Learning the Maximum of a Hölder Function from Inexact Data
Simon Foucart
TL;DR
The paper addresses learning the maximum of a Hölder function from inexact point evaluations at prescribed datasites within the Optimal Recovery framework. It develops locally optimal (Chebyshev-center) and globally optimal procedures for general monotone quantities, and specializes to the maximum, deriving explicit formulas for both the local estimator $\Delta^{\rm loc}$ and the global estimator $\Delta^{\rm glo}$, including a simple correction term dependent on data locations.

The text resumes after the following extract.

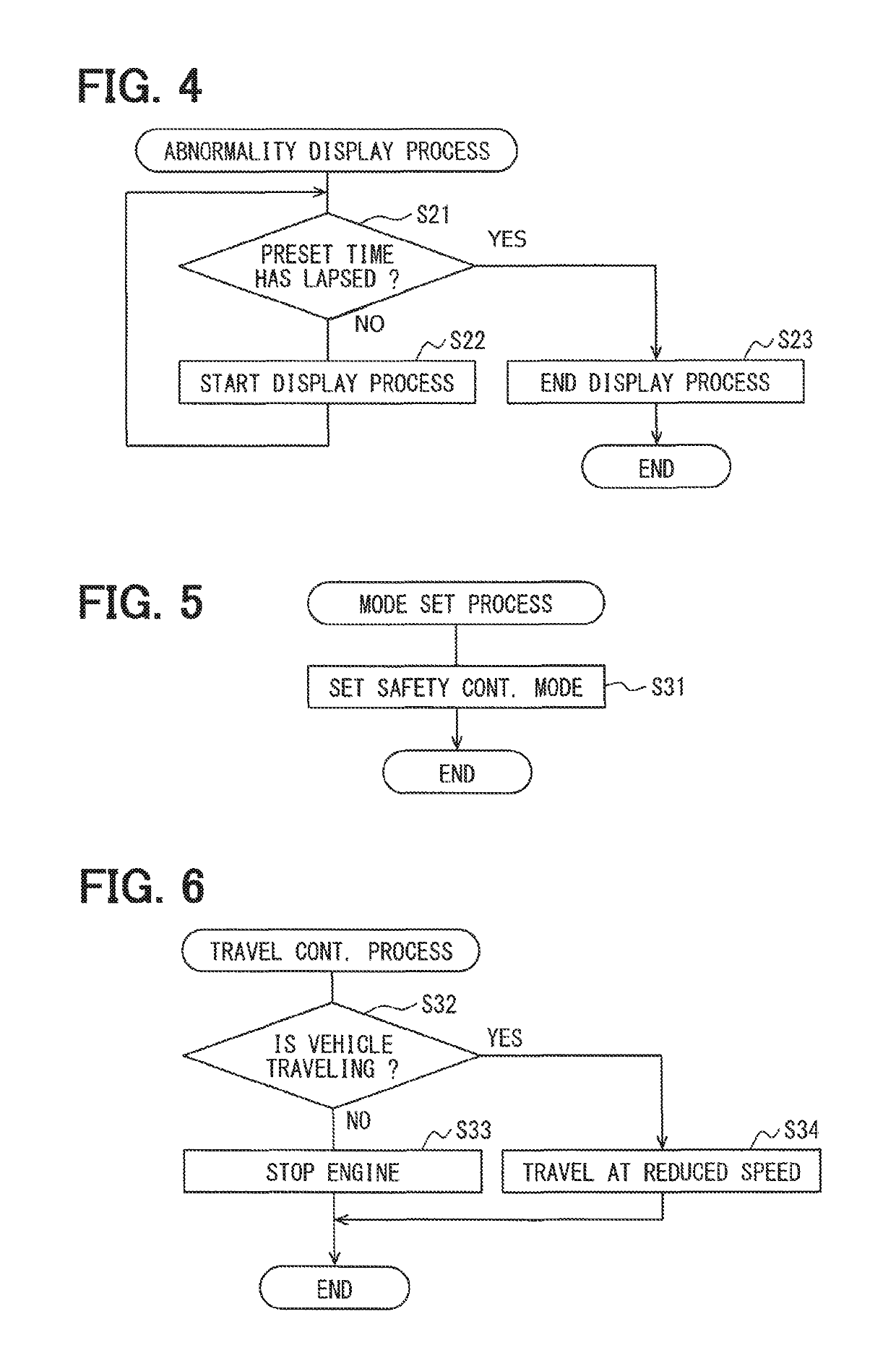 Information processing system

In the nonlinear maximum case, it shows that the globally optimal estimator is $\Delta^{\rm glo}(\mathbf{y}) = \max_m(y_m) + \tfrac{1}{2}\max[U]$ with $U(x)=\min_m \operatorname{dist}(x,x^{(m)})^\alpha$ (under equal observation error), and contrasts this with the locally optimal rule, also providing bounds and extensions to jittered data. Finally, it quantifies the minimal global worst-case error, proving bounds that scale with the observation error $\varepsilon$ and the grid resolution $M^{-{\alpha}/d}$, highlighting the curse of dimensionality and delivering exact results in the cube-grid setting.
Abstract
Within the theoretical framework of Optimal Recovery, one determines in this article the {\em best} procedures to learn a quantity of interest depending on a Hölder function acquired via inexact point evaluations at fixed datasites. {\em Best} here refers to procedures minimizing worst-case errors. The elementary arguments hint at the possibility of tackling nonlinear quantities of interest, with a particular focus on the function maximum. In a local setting, i.e., for a fixed data vector, the optimal procedure (outputting the so-called Chebyshev center) is precisely described relatively to a general model of inexact evaluations. Relatively to a slightly more restricted model and in a global setting, i.e., uniformly over all data vectors, another optimal procedure is put forward, showing how to correct the natural underestimate that simply returns the data vector maximum. Jitterred data are also briefly discussed as a side product of evaluating the minimal worst-case error optimized over the datasites.